*TASK STATEMENT*. Set out exactly every line of the entries below, starting at the line that holds "A spacious kitchen" and stopping after the line that holds "May include: A light".

*MATERIAL SUPPLIED*.

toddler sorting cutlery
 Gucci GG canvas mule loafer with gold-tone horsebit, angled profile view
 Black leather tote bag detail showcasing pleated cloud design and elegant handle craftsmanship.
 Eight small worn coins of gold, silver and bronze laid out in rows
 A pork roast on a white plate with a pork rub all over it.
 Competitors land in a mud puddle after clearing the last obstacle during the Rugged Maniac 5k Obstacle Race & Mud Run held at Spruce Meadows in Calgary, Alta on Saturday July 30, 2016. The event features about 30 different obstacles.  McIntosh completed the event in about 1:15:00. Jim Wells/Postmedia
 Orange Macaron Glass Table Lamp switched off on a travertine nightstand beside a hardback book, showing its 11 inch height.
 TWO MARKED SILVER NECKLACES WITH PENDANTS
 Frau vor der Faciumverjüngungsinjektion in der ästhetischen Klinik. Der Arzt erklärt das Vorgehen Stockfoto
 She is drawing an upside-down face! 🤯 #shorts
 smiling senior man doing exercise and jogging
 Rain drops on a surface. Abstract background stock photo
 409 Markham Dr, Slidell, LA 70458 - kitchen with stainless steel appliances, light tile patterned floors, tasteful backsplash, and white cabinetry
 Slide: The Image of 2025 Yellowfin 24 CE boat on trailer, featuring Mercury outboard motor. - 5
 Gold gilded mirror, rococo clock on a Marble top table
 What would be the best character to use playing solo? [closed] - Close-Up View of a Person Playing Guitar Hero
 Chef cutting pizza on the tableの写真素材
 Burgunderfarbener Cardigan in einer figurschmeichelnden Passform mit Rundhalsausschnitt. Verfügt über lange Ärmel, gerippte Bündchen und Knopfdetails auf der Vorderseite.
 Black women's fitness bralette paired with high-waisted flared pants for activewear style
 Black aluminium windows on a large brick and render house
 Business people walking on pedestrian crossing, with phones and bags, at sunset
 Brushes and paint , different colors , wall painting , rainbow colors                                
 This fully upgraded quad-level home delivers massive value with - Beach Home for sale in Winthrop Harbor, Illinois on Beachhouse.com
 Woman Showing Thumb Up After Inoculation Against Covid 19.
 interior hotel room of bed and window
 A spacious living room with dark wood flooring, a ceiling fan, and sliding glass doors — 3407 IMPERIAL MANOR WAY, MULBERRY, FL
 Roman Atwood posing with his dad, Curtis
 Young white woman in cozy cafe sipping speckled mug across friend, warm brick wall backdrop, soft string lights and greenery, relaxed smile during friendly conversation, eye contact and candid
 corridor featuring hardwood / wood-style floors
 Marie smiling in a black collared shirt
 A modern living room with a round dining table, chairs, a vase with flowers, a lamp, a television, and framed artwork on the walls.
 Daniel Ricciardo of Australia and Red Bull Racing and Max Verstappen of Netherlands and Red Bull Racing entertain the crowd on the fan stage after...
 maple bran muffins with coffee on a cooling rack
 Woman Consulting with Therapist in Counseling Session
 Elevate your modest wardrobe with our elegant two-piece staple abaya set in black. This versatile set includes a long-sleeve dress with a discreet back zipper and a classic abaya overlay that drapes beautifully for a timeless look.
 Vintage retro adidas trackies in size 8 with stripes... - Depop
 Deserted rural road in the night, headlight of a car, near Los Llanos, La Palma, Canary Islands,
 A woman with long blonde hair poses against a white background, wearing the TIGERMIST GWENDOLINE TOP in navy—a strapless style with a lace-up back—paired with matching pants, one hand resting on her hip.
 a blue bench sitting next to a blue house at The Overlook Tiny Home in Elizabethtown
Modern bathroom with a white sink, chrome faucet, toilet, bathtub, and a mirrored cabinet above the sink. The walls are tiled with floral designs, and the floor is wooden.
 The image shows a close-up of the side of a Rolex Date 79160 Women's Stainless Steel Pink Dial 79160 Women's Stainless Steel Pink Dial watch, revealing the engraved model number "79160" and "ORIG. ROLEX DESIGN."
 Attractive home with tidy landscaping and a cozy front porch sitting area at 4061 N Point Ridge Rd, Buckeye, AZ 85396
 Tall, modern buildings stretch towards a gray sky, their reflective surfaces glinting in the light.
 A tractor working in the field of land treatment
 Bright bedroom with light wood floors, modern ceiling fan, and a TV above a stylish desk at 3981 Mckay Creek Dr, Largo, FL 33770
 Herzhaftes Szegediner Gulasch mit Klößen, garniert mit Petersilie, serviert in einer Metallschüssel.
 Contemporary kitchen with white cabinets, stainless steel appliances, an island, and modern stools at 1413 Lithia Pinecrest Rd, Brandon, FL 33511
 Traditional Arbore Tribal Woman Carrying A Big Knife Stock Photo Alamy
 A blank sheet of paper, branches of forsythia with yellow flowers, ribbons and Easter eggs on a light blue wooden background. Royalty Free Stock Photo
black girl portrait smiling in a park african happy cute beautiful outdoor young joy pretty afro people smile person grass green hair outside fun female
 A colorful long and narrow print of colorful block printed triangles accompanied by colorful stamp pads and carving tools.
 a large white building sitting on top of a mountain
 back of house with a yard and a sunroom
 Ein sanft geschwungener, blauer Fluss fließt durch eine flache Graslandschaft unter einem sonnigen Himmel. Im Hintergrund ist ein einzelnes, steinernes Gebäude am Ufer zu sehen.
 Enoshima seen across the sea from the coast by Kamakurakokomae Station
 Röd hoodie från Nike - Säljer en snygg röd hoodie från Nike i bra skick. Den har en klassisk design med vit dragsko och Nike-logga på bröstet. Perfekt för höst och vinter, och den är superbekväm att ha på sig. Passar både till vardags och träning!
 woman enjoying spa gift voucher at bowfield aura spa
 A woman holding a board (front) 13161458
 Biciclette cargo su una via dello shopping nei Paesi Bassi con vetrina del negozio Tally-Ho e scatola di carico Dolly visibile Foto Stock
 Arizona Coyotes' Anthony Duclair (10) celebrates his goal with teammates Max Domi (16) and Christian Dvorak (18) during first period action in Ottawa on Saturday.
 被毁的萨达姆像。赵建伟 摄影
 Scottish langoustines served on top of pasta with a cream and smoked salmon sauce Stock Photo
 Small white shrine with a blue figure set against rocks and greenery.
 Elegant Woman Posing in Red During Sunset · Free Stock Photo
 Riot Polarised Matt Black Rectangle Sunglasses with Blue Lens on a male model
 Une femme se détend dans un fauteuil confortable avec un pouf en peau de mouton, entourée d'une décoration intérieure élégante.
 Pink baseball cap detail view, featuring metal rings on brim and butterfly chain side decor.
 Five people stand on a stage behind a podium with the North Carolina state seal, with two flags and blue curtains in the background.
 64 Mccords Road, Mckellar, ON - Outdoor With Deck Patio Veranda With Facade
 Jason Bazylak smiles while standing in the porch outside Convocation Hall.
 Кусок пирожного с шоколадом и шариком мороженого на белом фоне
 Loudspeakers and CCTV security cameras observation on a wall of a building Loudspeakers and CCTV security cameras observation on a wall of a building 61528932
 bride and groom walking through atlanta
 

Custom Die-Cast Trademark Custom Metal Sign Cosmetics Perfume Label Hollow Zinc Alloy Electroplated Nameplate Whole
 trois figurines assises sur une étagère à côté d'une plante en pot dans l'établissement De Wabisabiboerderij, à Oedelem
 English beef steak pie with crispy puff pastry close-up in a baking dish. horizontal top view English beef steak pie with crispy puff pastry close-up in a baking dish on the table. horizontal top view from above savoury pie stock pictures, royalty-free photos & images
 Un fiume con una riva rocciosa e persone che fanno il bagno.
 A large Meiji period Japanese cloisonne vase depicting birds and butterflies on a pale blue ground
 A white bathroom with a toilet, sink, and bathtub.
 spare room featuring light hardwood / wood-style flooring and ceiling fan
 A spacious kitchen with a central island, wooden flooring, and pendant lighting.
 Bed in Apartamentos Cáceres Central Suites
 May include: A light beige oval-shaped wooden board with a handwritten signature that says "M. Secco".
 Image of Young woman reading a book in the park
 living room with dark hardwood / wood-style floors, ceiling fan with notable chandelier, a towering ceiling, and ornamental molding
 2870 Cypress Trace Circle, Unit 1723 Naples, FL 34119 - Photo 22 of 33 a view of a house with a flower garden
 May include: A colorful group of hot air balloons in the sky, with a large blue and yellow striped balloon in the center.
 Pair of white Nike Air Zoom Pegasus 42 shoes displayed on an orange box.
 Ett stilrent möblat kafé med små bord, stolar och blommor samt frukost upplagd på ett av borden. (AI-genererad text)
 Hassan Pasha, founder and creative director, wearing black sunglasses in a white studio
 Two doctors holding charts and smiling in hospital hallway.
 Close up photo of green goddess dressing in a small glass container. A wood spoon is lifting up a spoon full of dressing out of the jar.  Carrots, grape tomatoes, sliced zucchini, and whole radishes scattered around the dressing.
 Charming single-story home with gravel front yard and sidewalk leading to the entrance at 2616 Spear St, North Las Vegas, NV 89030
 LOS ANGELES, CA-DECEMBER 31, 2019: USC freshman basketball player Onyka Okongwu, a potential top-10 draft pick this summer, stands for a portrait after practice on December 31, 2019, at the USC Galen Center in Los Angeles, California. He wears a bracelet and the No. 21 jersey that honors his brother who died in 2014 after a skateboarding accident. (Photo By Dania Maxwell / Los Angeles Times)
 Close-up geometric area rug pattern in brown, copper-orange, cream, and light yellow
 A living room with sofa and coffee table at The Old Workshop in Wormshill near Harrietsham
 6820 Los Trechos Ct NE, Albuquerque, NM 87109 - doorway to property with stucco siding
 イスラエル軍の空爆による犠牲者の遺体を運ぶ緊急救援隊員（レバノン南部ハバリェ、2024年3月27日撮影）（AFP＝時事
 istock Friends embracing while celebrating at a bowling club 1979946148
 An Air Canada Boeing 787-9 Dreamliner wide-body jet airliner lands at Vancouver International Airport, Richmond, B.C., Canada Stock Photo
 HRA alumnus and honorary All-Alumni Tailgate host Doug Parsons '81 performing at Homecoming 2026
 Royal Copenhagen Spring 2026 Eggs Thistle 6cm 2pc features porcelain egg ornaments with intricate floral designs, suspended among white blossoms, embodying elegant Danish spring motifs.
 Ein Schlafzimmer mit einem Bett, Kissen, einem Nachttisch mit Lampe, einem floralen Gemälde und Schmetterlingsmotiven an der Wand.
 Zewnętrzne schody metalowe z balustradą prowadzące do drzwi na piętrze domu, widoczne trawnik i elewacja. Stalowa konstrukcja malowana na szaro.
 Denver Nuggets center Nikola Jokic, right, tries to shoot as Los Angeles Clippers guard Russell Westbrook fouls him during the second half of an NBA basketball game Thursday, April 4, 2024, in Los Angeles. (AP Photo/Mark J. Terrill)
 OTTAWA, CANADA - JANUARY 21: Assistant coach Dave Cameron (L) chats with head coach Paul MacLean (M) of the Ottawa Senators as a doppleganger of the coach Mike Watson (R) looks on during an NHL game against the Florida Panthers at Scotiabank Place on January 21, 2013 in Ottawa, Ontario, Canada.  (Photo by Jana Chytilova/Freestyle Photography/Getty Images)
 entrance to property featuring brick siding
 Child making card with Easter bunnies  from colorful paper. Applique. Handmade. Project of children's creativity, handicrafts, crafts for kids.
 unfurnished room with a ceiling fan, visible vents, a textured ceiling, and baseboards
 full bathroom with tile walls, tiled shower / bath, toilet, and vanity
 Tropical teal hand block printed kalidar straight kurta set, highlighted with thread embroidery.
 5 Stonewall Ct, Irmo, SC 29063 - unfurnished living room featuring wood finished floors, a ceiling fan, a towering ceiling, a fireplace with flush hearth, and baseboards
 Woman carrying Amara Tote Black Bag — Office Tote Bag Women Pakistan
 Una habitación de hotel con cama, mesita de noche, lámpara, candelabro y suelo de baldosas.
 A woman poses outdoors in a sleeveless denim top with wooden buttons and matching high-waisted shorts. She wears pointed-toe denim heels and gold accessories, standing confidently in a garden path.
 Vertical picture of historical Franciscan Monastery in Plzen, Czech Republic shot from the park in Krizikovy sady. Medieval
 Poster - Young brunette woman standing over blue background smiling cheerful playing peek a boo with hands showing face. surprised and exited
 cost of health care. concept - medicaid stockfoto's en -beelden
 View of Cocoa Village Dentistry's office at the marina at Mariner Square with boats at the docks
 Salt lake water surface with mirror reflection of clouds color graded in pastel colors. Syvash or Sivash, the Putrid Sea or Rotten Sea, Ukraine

*RESULT OF THIS TASK*.
 A spacious kitchen with a central island, wooden flooring, and pendant lighting.
 Bed in Apartamentos Cáceres Central Suites
 May include: A light beige oval-shaped wooden board with a handwritten signature that says "M. Secco".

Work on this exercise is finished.